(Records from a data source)
*** Block opens ***
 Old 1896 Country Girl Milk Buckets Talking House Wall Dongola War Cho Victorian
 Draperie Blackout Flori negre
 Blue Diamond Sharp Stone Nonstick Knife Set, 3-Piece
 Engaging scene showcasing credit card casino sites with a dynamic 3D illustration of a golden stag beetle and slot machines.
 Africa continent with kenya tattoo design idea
*** Block closes ***
*** Block opens ***
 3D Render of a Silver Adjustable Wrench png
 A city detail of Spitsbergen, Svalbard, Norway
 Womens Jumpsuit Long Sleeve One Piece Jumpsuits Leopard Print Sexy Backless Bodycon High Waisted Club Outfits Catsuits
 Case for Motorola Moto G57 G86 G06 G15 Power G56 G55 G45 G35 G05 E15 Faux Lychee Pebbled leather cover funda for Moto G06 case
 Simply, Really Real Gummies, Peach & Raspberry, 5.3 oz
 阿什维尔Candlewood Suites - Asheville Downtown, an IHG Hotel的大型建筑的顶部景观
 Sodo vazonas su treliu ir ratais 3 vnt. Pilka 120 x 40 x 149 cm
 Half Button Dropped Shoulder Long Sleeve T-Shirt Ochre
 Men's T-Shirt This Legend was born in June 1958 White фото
*** Block closes ***
**Work to complete:** The lines to extract from the data above begin with the line containing "Old 1896 Country" and end with the line containing "Africa continent with". Extract them exactly, including both.

**Task solution:**
 Old 1896 Country Girl Milk Buckets Talking House Wall Dongola War Cho Victorian
 Draperie Blackout Flori negre
 Blue Diamond Sharp Stone Nonstick Knife Set, 3-Piece
 Engaging scene showcasing credit card casino sites with a dynamic 3D illustration of a golden stag beetle and slot machines.
 Africa continent with kenya tattoo design idea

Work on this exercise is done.